Monday, August 31, 2009

Cracked Pots

While trying to track down a book called The Cracked Pot, the state of today’s Anglican parish clergy, by Yvonne Warren, I came across an article from 2007 on the Church Times archives, called What Price Priesthood? by Rachel Harden.

It discusses clergy burnout, stress, the difficulties of being ill and then having to recover within the parish, long hours with little time off, and other problems of ministry. Yvonne Warren, herself the wife of a clergyman for 40 years, notes that the Church in the 21st century is experiencing a cataclysmic time of change, with huge implications, and says, “This has affected patterns of ministry more than most, and many clergy are feeling the impact of this, not just in terms of workload, but in their sense of frustration and feeling of increasing irrelevance in a largely secularised society.”

Another book is mentioned in the article: Clergy Burnout: Recovering from the 70-hour work week. . . and other self-defeating practices by Fred Lehr. Lehr had a terrible time saying “no”, and loved feeling needed. “In reality it exhausted me, and I hated constantly being caught between my family and my congregation. I found myself helplessly falling in what we call burnout.” He sought help, and used his experience to work on a specialised treatment programme.

The Society of Martha and Mary produced a report in 2002 called, Affirmation and Accountability. In it they called on dioceses and other church structures to provide more constructive solutions for clergy who were on stress-related sick leave.

The article is fairly long, but well worth checking out. There are several personal statements at the end from people who have been through burnout and similar struggles.

Unfortunately, The Cracked Pot is now out of print, and only available through Print on Demand at the publishers, Kevin Mayhew. Affirmation and Accountability is also hard to get hold of in NZ (there is one copy, at the Kinder Library). Clergy Burnout is more readily available.


Wendi Gordon said...

Thank you for this post. I recently read Fred Lehr's Clergy Burnout book and include it in the recommended resources section of my own site for clergy,

As both a pastor and spouse of a pastor, I am very familiar with the unique stresses clergy face, and provide life coaching, workshops, and other resources to help pastors rediscover the person behind the collar.

It is great to see increasing numbers of blogs, websites, and newspaper articles addressing clergy burnout and related issues.
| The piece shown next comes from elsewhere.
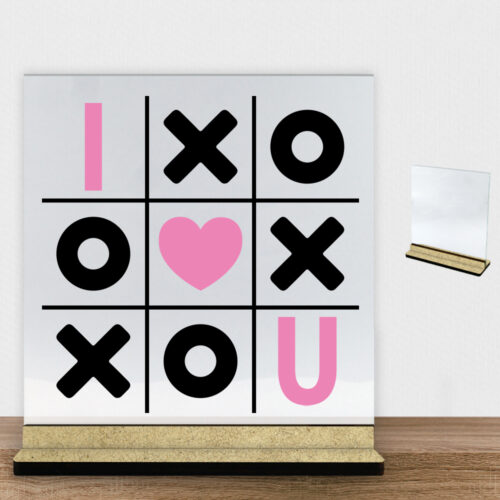 I love you #1 | Glasskilt inkl. fod (træfiber)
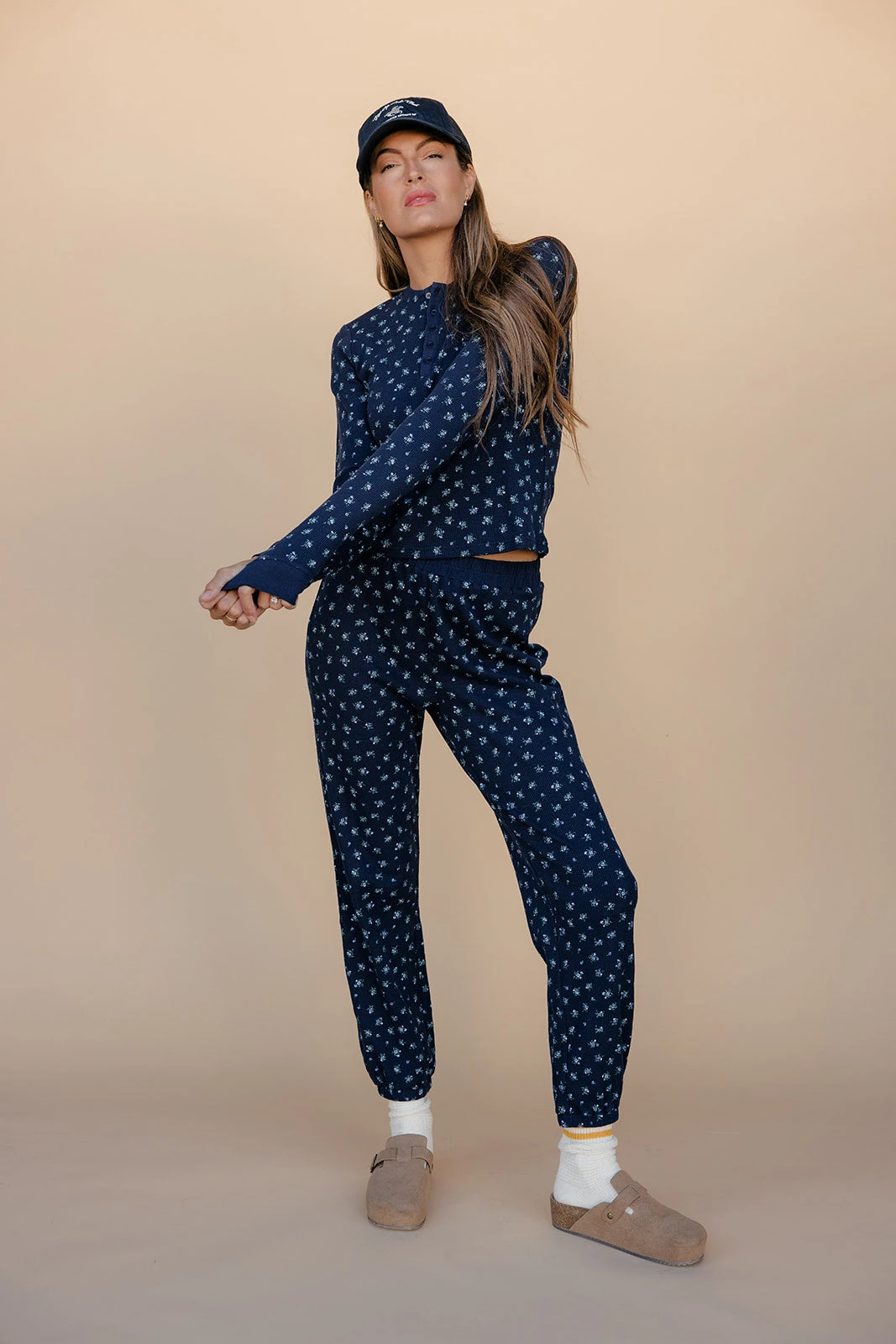 Navy Blue Floral Loungewear Set - 2 Piece Long Sleeve Jogger Suit 3 Navy Blue Floral Loungewear Set - 2 Piece Long Sleeve Jogger Suit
Hopefully greater awareness of the problem will make it easier for hurting pastors to get the help they need and for the church at all levels to develop more realistic expectations and a better support system for its leaders.

Mike Crowl said...

Thanks for your comments, Wendi. Yes, there's certainly a greater appreciation of the need for clergy care, and our own office is working steadily towards a wellness programme that hopefully will make a difference in the Presbyterian denomination in New Zealand.